Berawal dari krisis moneter di tahun 1998, duda dengan satu orang anak ini mulai memutar otak untuk mendapatkan penghasilan, selain dari gaji yang biasa diterimanya sebagai seorang karyawan swasta di Jakarta. "Tahun 1999, tante saya, Yenny Wilandra menawarkan saya untuk bekerjasama dengannya membangun Toko Kue Durian Aditia di Surabaya."
Kala itu, pria bernama lengkap Yap Johannes ini ditawarkan sang tante untuk membuka cabang Toko Kue Durian Aditya di Jakarta. "Tapi, saya harus ke Surabaya dulu untuk belajar membuat kue. Di Jakarta, saya belum melihat ada toko seperti itu. Saya akhirnya mantap mengundurkan diri dari pekerjaan saya. April 1999 saya belajar membuat kue berbahan durian di Surabaya dengan Tante Yenny selama sebulan."
Awalnya, "Di toko hanya ada dua macam kue berbahan durian yaitu soes dan ketan durian. Selama belajar, tantangannya sangat besar. Pertama, saya enggak pernah memasak; kedua, harus memasak dengan kuali besar. Akibatnya, tangan saya sampai kapalan dan ototnya sakit semua," ungkap Johannes seraya tertawa.
Meski menyulitkan, keinginan kuat untuk belajar dan membina usaha baru membuat Johannes bertahan. "Sebelumnya, paling-paling hanya bisa bikin telur ceplok dan mi instan saja," kenangnya.
Setelah yakin bisa memulai usaha ini di Jakarta, Johannes mulai membuka usaha kecil-kecilan di rumahnya di kawasan utara Jakarta. "Sampai kemudian saya mendapat tawaran dari sebuah foodcourt di gedung BII. Jualannya hanya satu jam, dari jam 12.00 sampai jam 13.00. Saya bersyukur, dagangan saya selalu laris.
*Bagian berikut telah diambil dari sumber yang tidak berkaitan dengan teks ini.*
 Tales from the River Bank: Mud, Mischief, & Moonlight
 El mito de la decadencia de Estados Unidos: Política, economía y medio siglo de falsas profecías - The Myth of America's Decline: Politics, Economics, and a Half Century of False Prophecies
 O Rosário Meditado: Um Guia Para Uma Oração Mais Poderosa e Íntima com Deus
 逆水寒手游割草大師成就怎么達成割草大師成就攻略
Bahkan ditunggu pelanggan kalau saya datang telat," imbuh Johannes yang bisa menghabiskan 15 kilogram daging buah durian per hari.
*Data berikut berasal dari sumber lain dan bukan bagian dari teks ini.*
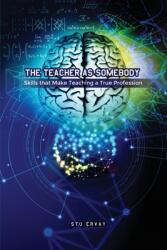 The Teacher as Somebody: Skills that Make Teaching a True Profession (ISBN: 9781649132062)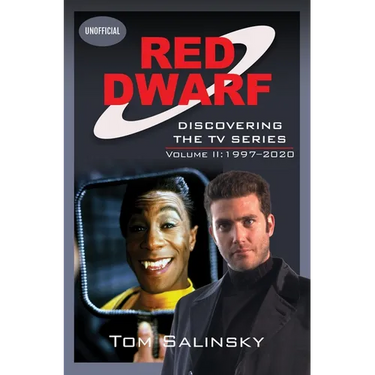 Red Dwarf: Discovering the TV Series: Volume II: 1997-2020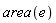 area(e)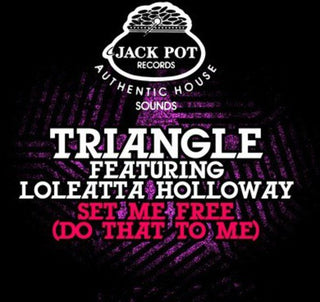 the album cover for Triangle - Set Me Free (Do That to Me)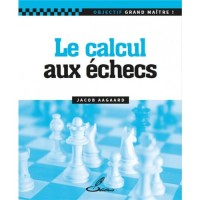 Aagaard - La clef de l'excellence aux échecs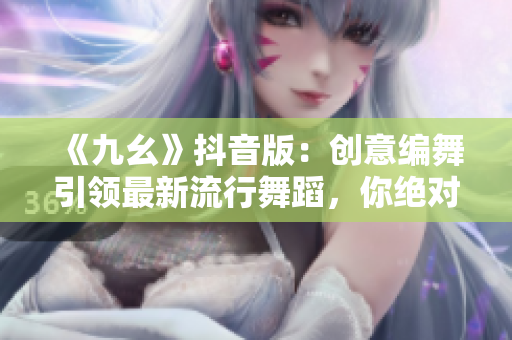 《九幺》抖音版：創(chuàng)意編舞引領(lǐng)最新流行舞蹈，你絕對(duì)不想錯(cuò)過(guò)！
Melihat kesuksesan itu, "Seorang kawan menyarankan agar saya membuka ruko di Kelapa Gading. Tahun 2000 saya merasa kawasan Kelapa Gading terlihat mulai potensial dijadikan lokasi untuk berdagang makanan. Ternyata dugaan saya enggak salah, buktinya sampai sekarang masih bertahan," bebernya sambil tersenyum.
Usahanya semakin lama memang semakin dikenal, "Semua pengorbanan saya terbayar sudah. Bisa dilihat dari perkembangannya sekarang. Awalnya, cuma pakai oven seharga 400 ribu, sekarang sudah bisa pakai oven seharga puluhan juta rupiah."
Menjadi seperti sekarang, Johannes menyadari, tak semuanya berkat kerja keras pribadi. "Saya juga banyak dibantu, salah satunya dari pemasok durian dari Bogor. Beliau percaya dengan usaha saya, meski uang yang saya bawa kurang, tidak pernah menjadi masalah karena dia yakin saya akan kembali lagi."
Memasuki tahun 2003, Johannes memutuskan untuk mengibarkan bendera sendiri. "Sebenarnya, tante saya merasa keberatan karena dengan membuka cabang harus membayar pajak lebih. Kemudian saya memutuskan untuk mengubah nama usaha saya jadi Ulliko. Nama itu saya ambil dari nama anak saya Ryuko Natasha Lee (10)."
Meski begitu, pelanggan tidak surut. Johannes pun semakin kreatif membuat aneka kue, dari awalnya hanya dua macam kue berbahan dasar durian. "Sekarang sudah ada belasan macam. Seperti layaknya seniman, semua kue-kue itu hadir dari kreasi saya."